Cardinal Gerhard Müller, the Vatican’s doctrinal chief, has made one
of his strongest statements yet on the controversial question of
Communion for the divorced and remarried.
In an interview with the Italian magazine Il Timone, Cardinal Müller,
prefect of the Congregation for the Doctrine of the Faith, was asked
whether the teaching reaffirmed by Pope St John Paul II’s Familiaris
Consortio is still valid.
St John Paul said that the divorced and remarried cannot take
Communion, except possibly when they try to live “in complete
continence”.
Cardinal Müller said of this condition: “Of course, it is not
dispensable, because it is not only a positive law of John Paul II, but
he expressed an essential element of Christian moral theology and the
theology of the sacraments.”
In Familiaris Consortio, St John Paul said that the prohibition was
based on Scripture and the intrinsic link between the Eucharist and
marriage: to live in a sexual relationship “objectively contradict[s]
that union of love between Christ and the Church which is signified and
effected by the Eucharist”.
The cardinal told Il Timone that this made Communion for the
remarried impossible: “For us marriage is the expression of
participation in the unity between Christ the bridegroom and the Church
his bride. This is not, as some said during the Synod, a simple vague
analogy. No! This is the substance of the sacrament, and no power in
heaven or on earth, neither an angel, nor the pope, nor a council, nor a
law of the bishops, has the faculty to change it.”
Parts of the interview have been translated into English
by Matthew Sherry for the newspaper L’Espresso. In it, Cardinal Müller
also says the Pope’s apostolic exhortation Amoris Laetitia must be read
“in the light of the whole doctrine of the Church”.
St John Paul was one of several popes, including Benedict XVI, to
reaffirm the doctrine on Communion for the remarried. It has also been
taught by theologians, Church fathers, early councils, and in recent
decades by the Congregation for the Doctrine of the Faith.

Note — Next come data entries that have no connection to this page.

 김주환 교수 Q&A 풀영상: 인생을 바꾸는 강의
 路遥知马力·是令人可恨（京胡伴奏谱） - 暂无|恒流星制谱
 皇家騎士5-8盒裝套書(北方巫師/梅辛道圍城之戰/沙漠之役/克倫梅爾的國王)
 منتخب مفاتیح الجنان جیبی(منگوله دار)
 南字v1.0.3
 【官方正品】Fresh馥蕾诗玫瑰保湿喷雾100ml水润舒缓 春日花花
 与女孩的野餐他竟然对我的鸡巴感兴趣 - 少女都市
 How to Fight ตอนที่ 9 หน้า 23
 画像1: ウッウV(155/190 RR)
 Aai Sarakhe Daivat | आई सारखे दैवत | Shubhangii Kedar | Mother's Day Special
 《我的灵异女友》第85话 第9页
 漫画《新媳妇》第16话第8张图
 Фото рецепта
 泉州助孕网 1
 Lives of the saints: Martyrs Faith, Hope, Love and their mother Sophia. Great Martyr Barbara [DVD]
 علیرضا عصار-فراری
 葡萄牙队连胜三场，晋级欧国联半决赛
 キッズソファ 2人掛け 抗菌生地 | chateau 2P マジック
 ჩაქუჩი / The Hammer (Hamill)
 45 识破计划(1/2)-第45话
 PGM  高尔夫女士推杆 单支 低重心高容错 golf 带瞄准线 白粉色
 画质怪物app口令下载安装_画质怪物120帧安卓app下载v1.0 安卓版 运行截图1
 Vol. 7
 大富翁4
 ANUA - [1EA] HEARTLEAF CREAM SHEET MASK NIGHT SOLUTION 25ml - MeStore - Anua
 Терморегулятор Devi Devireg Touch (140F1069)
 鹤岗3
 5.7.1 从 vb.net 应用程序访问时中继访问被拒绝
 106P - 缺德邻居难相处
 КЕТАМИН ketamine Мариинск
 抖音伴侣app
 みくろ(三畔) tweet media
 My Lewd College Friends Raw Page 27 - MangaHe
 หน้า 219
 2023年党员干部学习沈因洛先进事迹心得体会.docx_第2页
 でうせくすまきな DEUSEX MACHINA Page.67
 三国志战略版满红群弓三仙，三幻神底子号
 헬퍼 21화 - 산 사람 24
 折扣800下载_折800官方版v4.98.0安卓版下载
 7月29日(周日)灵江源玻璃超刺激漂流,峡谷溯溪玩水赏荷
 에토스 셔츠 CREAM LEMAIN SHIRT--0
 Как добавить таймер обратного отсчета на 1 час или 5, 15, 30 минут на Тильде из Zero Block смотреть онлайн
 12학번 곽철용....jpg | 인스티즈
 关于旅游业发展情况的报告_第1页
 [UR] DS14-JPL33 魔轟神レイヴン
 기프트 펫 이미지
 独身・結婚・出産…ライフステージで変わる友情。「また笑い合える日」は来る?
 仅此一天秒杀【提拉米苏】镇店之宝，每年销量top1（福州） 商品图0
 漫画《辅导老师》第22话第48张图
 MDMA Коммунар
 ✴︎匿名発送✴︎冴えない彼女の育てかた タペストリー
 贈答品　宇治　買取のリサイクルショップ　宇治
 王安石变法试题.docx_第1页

Recently, the two bishops of Malta said
that, instead, the remarried should receive Communion if they discerned
that they were “at peace with God”.
They claimed that their advice was
based on Amoris Laetitia. The bishops of Germany have approved Communion for the remarried in some cases, in their document on Amoris Laetitia.
In the new interview, Cardinal Müller says: “Amoris Laetitia must
clearly be interpreted in the light of the whole doctrine of the
Church.” He added: “I don’t like it, it is not right that so many
bishops are interpreting Amoris Laetitia according to their way of
understanding the Pope’s teaching. This does not keep to the line of
Catholic doctrine.”
He said that many people needed to study more doctrine on the office
of the bishop, which was not to offer novel accounts of papal teaching.
“The bishop, as teacher of the Word, must himself be the first to be
well-formed so as not to fall into the risk of the blind leading the
blind,” the cardinal said.
He also warned against “sophistries” and
“casuistry” which would diminish Church teaching on marriage.